Dinheiro
25/04/2008 - 20h35

Acordo entre Oi e BrT descarta corte de vagas por três anos

CIRILO JUNIOR
da Folha Online, no Rio

O presidente da Oi, Luiz Eduardo Falco, garantiu que o acordo da compra da Brasil Telecom pela Oi prevê que não haverá demissões por pelo menos três anos. O executivo destacou que, com os planos de expansão que a empresa terá, inclusive para atuar no exterior, "fatalmente" serão gerados mais empregos com a criação da "supertele", cujo controle acionário será de empresas brasileiras.

"Não estamos prevendo demissões iniciais. Há um acordo de acionistas, e uma das cláusulas diz que o número de postos das duas companhias serão mantido nos próximos três anos", afirmou.

Os planos da Oi, com a aquisição da Brasil Telecom, é ter 110 milhões de clientes dentro de cinco anos, dos quais 30 milhões no exterior. No Brasil, seriam 22 milhões de clientes de telefonia fixa, 38 milhões na telefonia celular, 12 milhões de banda larga e 8 milhões no mercado de TV por assinatura. Atualmente, as duas empresas somam 43,4 milhões de clientes, sendo 20,7 milhões em telefonia celular e 22,7 milhões na fixa.

Falco negou que o negócio caracterize monopólio em determinados segmentos. Na visão do executivo, haverá ganhos de escala, com a complementaridade de determinadas áreas.

"No Rio, por exemplo, será mantida a participação da Oi, assim como a da Brasil Telecom em Goiânia. Não há aumento de participação, são áreas absolutamente complementares", observou.

O executivo ressaltou que as tarifas de telefonia fixa poderão cair com a compra da Brasil Telecom. Segundo Falco, os contratos que as empresas já firmaram prevêem redução dos preços, à medida em que haja ganho de produtividade em determinado segmento. Isso, destacou, ocorrerá na telefonia fixa à distância. "O consumidor, ora ganha na tarifa, ou ganha na competição."

Com o negócio, os grupos Andrade Gutierrez e La Fonte, que detém, cada um, 10,275% no grupo de controle da Oi, passarão a ter, cada um, 19,34%. Os dois grupos fizeram aportes para a concretização do negócio.

Falco disse esperar que haja contestação do negócio por parte dos grupos estrangeiros que atuam no Brasil. Para ele, porém, a possível reclamação não tem argumentos fundamentados. "Há dois players fortes no mercado, e com o negócio, passarão a ser três. Eles vão contestar o aumento de competitividade?", questionou.
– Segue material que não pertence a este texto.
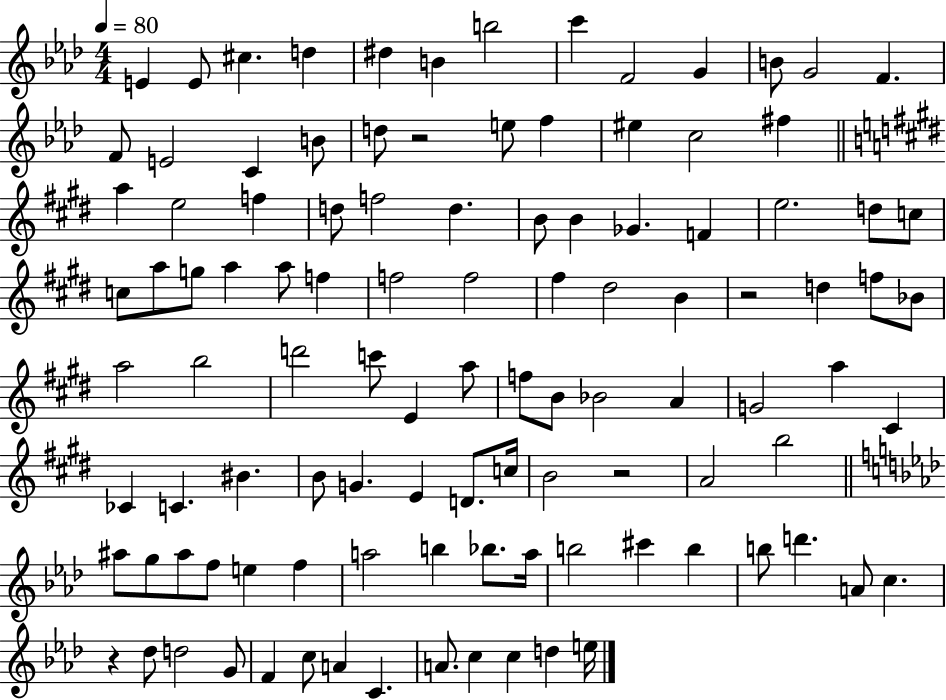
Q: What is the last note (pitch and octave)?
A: E5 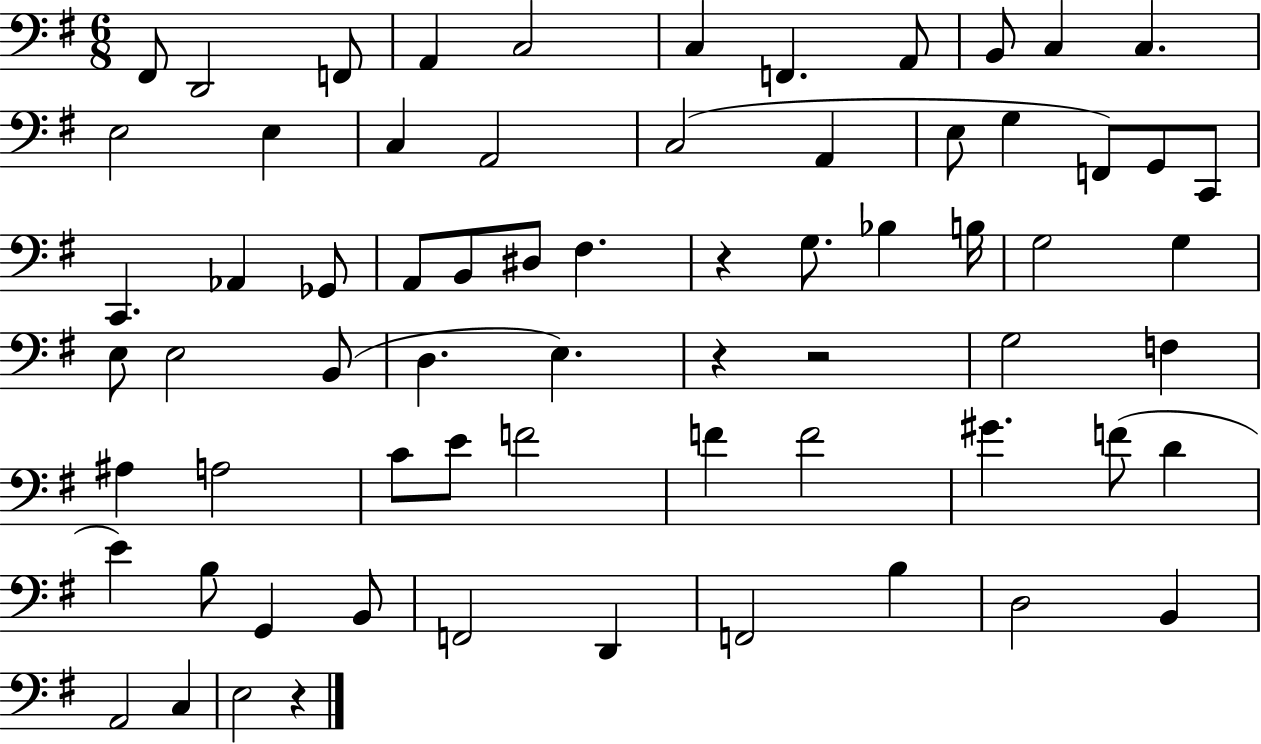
X:1
T:Untitled
M:6/8
L:1/4
K:G
^F,,/2 D,,2 F,,/2 A,, C,2 C, F,, A,,/2 B,,/2 C, C, E,2 E, C, A,,2 C,2 A,, E,/2 G, F,,/2 G,,/2 C,,/2 C,, _A,, _G,,/2 A,,/2 B,,/2 ^D,/2 ^F, z G,/2 _B, B,/4 G,2 G, E,/2 E,2 B,,/2 D, E, z z2 G,2 F, ^A, A,2 C/2 E/2 F2 F F2 ^G F/2 D E B,/2 G,, B,,/2 F,,2 D,, F,,2 B, D,2 B,, A,,2 C, E,2 z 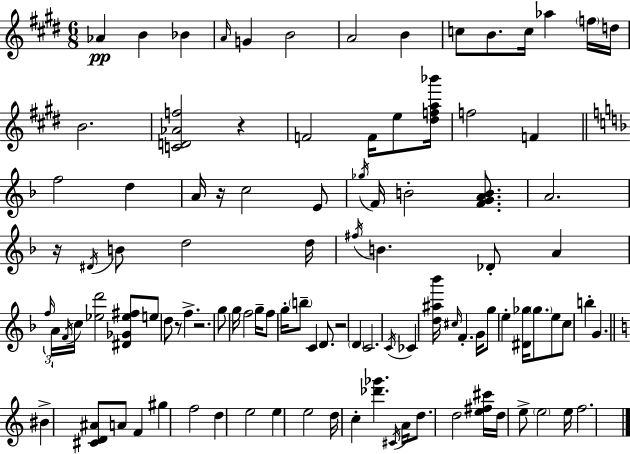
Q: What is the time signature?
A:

Segundo Falco, em termos de receita, a super tele teria 29,3% do mercado nacional de 2007, contra 41,5% do grupo ibérico (espanhóis e portugueses da Vivo, TIM e Telefonica) e 20,5% do grupo mexicano (Claro, Net e Embratel).

Arte Folha Online/Arte Folha Online

Negócio

A operação de compra da Brasil Telecom pela Oi, anunciada nesta sexta-feira, pode chegar a R$ 12,3 bilhões, afirmou o presidente da Oi, Luiz Eduardo Falco. Segundo ele, além dos R$ 5,8 bilhões dispensados para adquirir controle direto e indireto, serão necessários, possivelmente, R$ 3,5 bilhões para as ofertas aos acionistas donos de ações ordinárias, conforme determina a lei, e mais R$ 3 bilhões para comprar ações preferenciais no mercado.

O negócio ainda depende de mudança na legislação do setor --já que atualmente é proibido uma empresa de telefonia fixa comprar outra de diferente área de atuação--, e de aprovação pelos órgãos reguladores, como a Anatel (Agência Nacional de Telecomunicações) e o Cade (Conselho Administrativo de Defesa Econômica). Os dois órgãos ainda não foram notificados.